The Building History of Elsdon Tower and House
Whilst most of the older published sources (e.g. Parker 1853, 201-2) ascribe the tower a 14th century date, an examination of its form and fabric, and a comparison with other Northumberland towers, suggests that this is unlikely. Whilst the 1415 list shows that there was a rectorial tower here, it is unlikely that it is the present building, although there is one feature - the recently re-opened doorway at first-floor level, which may be of 15th century date. Its awkward relationship withe the present fabric - it is difficult to see how the door which it contained could have opened within the closet into which it now opens - suggests that it is a remnant, apparently in situ, of an older building of quite different form.
The majority of the earlier (i.e. later 14th and 15th century) towers in Northumberland, or at least in the southern half of the county, appear to have served as solar towers to attached hall blocks (cf Corbridge Low Hall, East Shaftoe, Halton, Shortflatt, Welton,and almost certainly Belsay). The medieval tower at Elsdon may have been a solar tower of precisely this type; it is possible that the doorway in question gave access to an adjacent tower block. However the tower in its present form is clearly an example of a solitary tower, more in the Scottish tradition, with a machicolation above the entrance proving there was no adjacent hall block. Such solitary towers are almost always of 'late' date (i.e. 16th century), as at Burradon and Copeland Castle.
The fabric of the tower, rubble with elongate roughly-shaped quoins, is quite consistent with this date, suggesting that the earlier building must have been virtually rebuilt, and perhaps entirely re-faced. The present external wall fabric is similar to that seen in many strong houses and bastles, eg Woodhouses Bastle of 1602; by contrast most 14th and 15th century towers are constructed of squared stone laid in quite regular courses (e.g. Hepple Tower). Apart from the above-mentioned doorway, all the other ancient architectural features of the tower are very plain - simple square-headed openings with chamfered surrounds - and could well fit with a date in the second half of the 16th century.
The tower, as rebuilt, would appear to have originally had three floors, and perhaps a caphouse. The basement would be used for stabling or storage, with the principal living apartment or hall on the first floor, perhaps provided with a fireplace at its west end, and a garderobe on the south.
The second floor would house the owner's private apartments, or solar; at roof level there may have been a caphouse, perhaps with a room for a watchman (cf Shortflatt Tower). The fact that the original window in the east end of the basement is set so much higher up the wall than that in the west end suggests that the latter face of the tower must have been enclosed within some form of defensible enclosure, any evidence of which has been erased by two centuries of gardening and landscaping.
The earlier post-medieval alterations to the tower are not easy to interpret in detail.
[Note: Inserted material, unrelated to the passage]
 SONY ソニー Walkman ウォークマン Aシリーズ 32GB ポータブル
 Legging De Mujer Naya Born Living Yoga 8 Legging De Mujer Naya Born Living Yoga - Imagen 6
Within a century or so of the rebuilding of the tower in its present form an additional floor was inserted, technically within the caphouse. Hodgson's account of 'two low rooms' above the second floor appears to refer to this insertion (there is no evidence for the provision of any further doorway at this level from the newel stair).
Each 'room' is said to have been divided in four chambers, which must have been rather cramped. The rather confused structural evidence of the east end of the caphouse is not easy to interpret, but the fact that the wall clearly post-dates the remains of the original stair-head doorway, and yet apparently contains sockets for a roof pre-dating the present one, suggests either that the original caphouse was a secondary feature, or that there was an earlier rebuilding prior to the late 18th century changes.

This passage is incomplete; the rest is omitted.